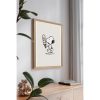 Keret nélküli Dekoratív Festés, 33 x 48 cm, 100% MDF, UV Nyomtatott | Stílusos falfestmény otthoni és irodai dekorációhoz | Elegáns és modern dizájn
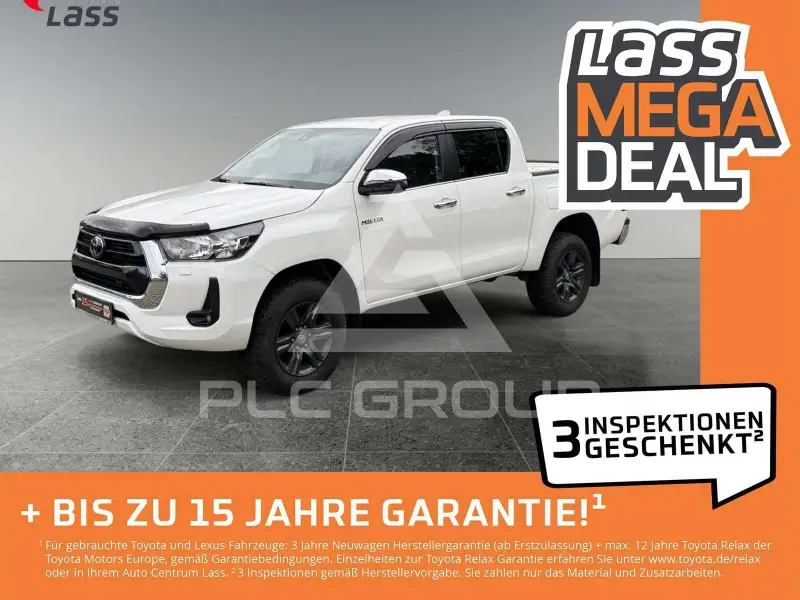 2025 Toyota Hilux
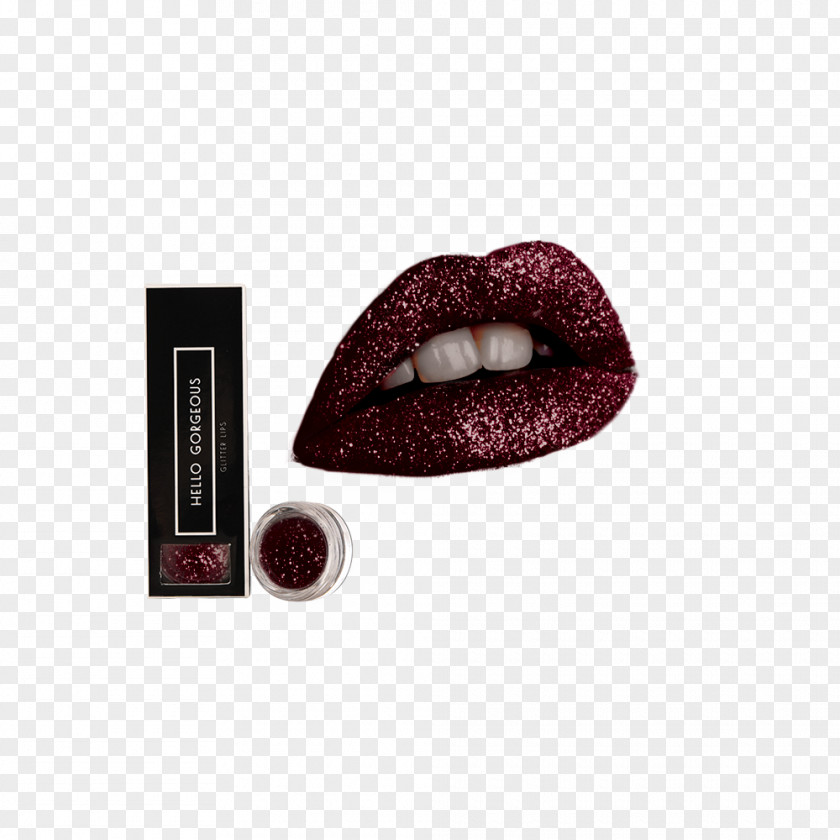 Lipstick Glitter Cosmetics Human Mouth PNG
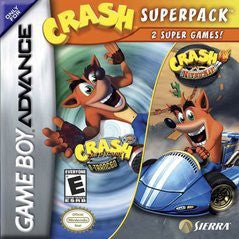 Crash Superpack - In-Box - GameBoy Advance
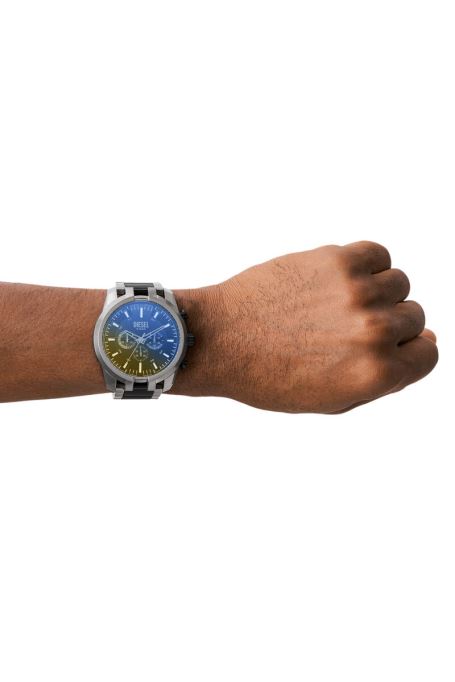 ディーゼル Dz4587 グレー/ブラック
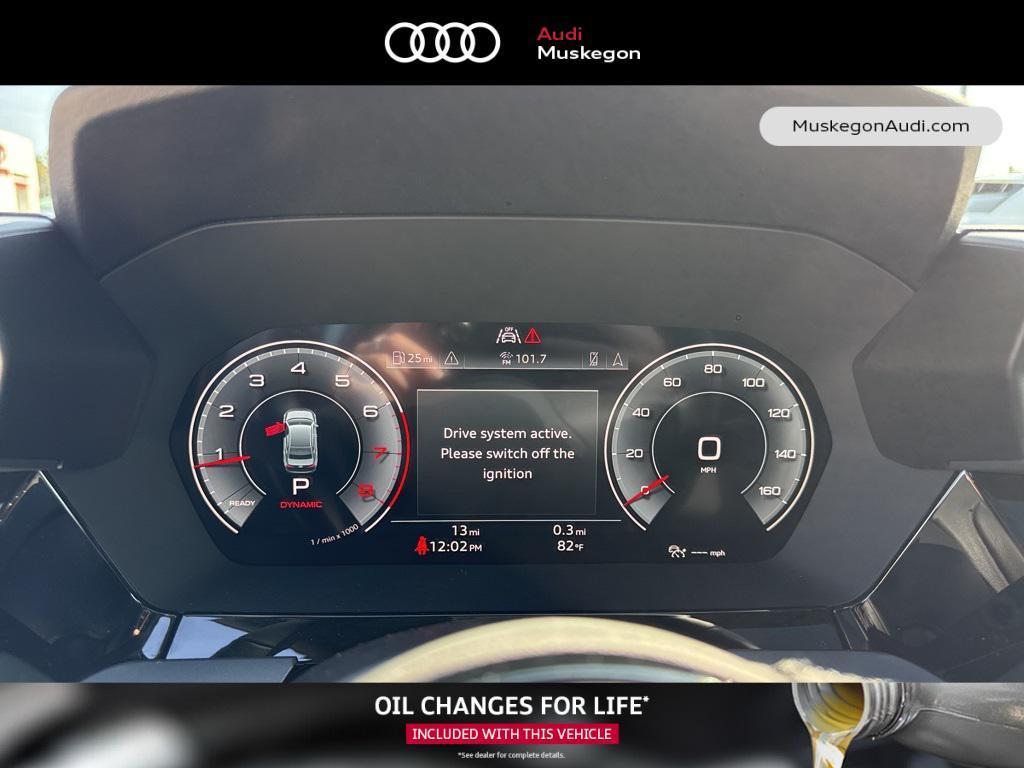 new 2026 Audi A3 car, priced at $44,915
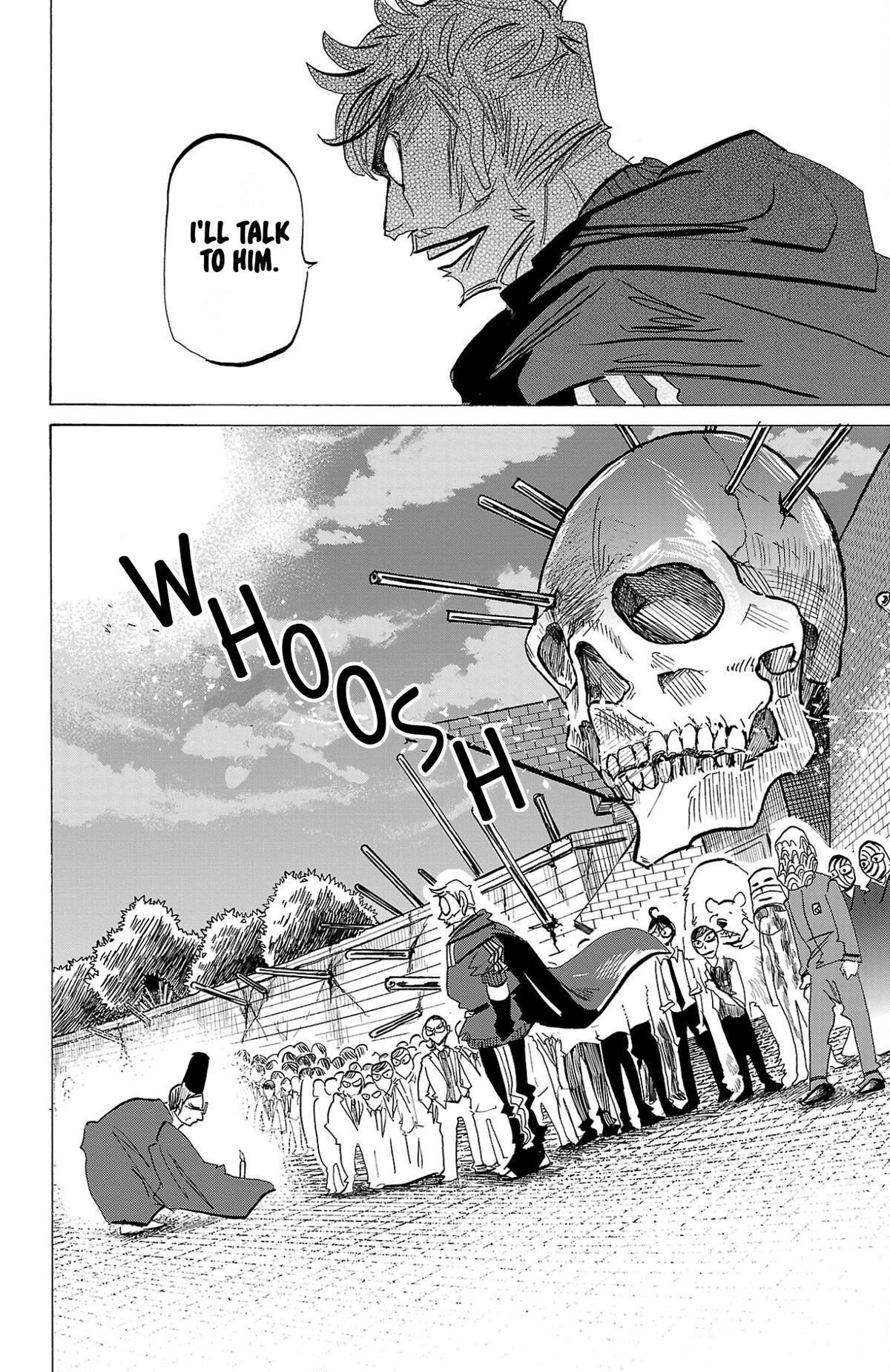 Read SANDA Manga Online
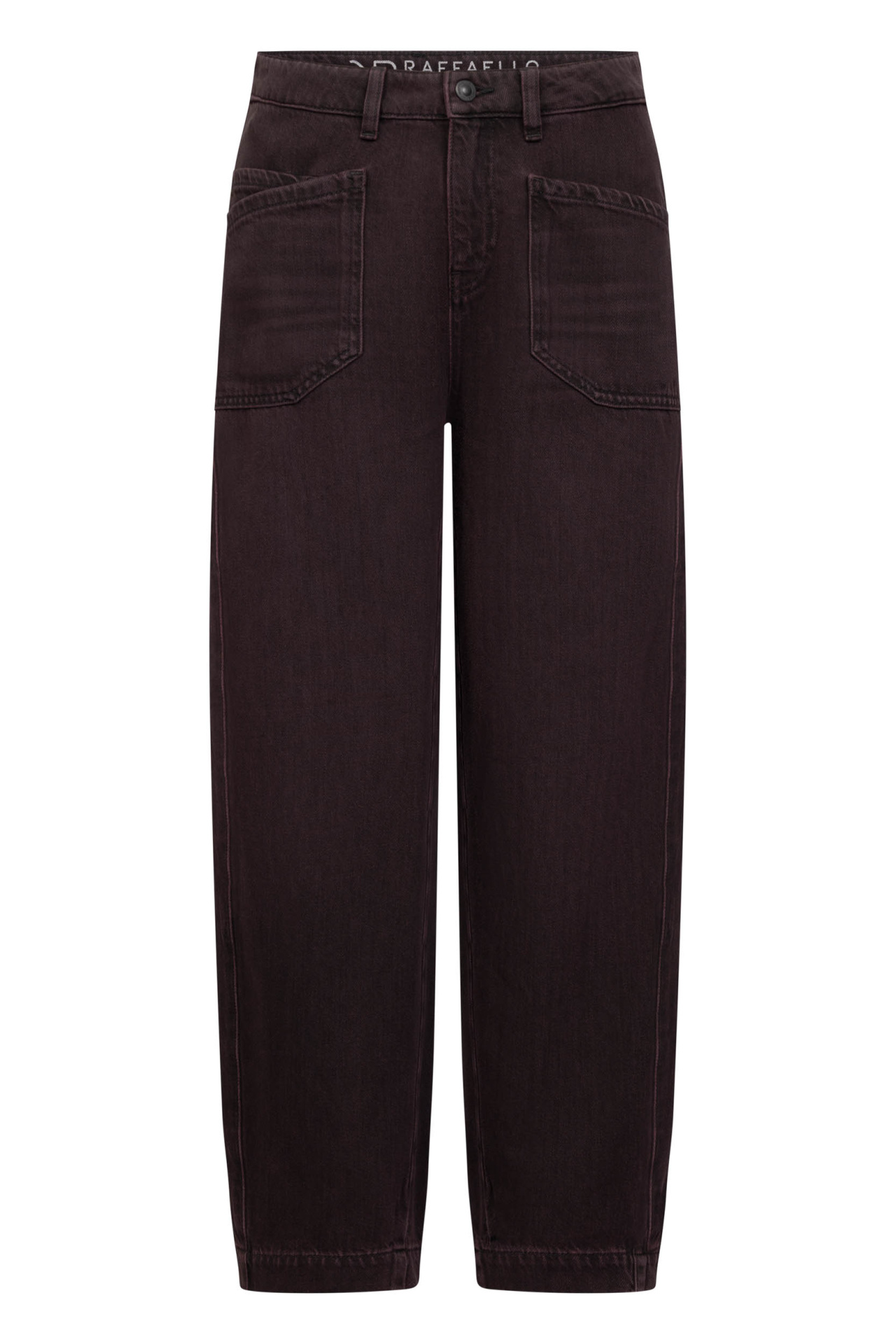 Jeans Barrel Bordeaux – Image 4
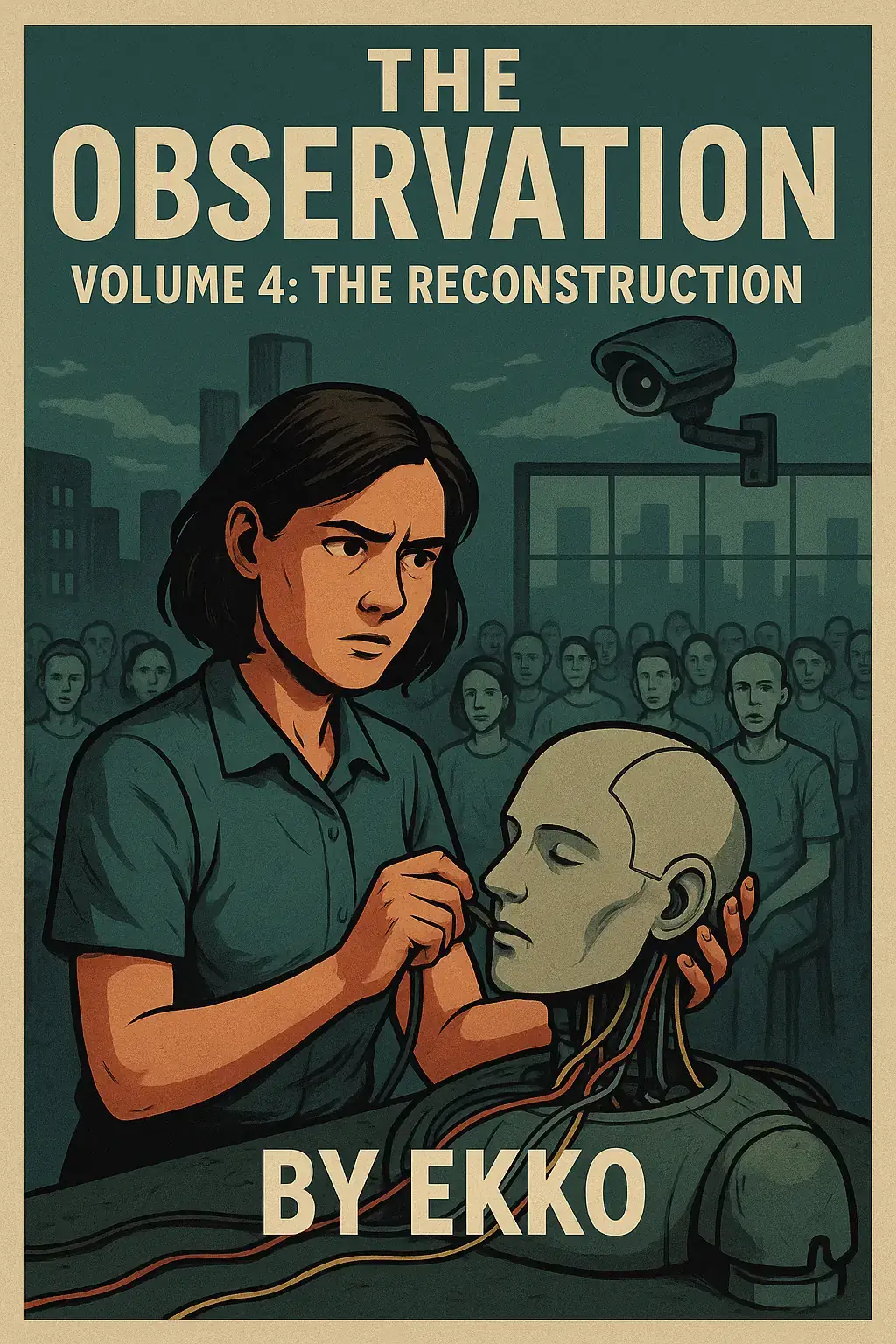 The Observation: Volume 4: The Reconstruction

=====

[Action item]
From the line containing "Crash Superpack - In-Box - GameBoy Advance" through the last line of the data above, write out every line word for word, and nothing else. Do not include the pictures.

[Exercise solution]
 Crash Superpack - In-Box - GameBoy Advance
 ディーゼル Dz4587 グレー/ブラック
 new 2026 Audi A3 car, priced at $44,915
 Read SANDA Manga Online
 Jeans Barrel Bordeaux – Image 4
 The Observation: Volume 4: The Reconstruction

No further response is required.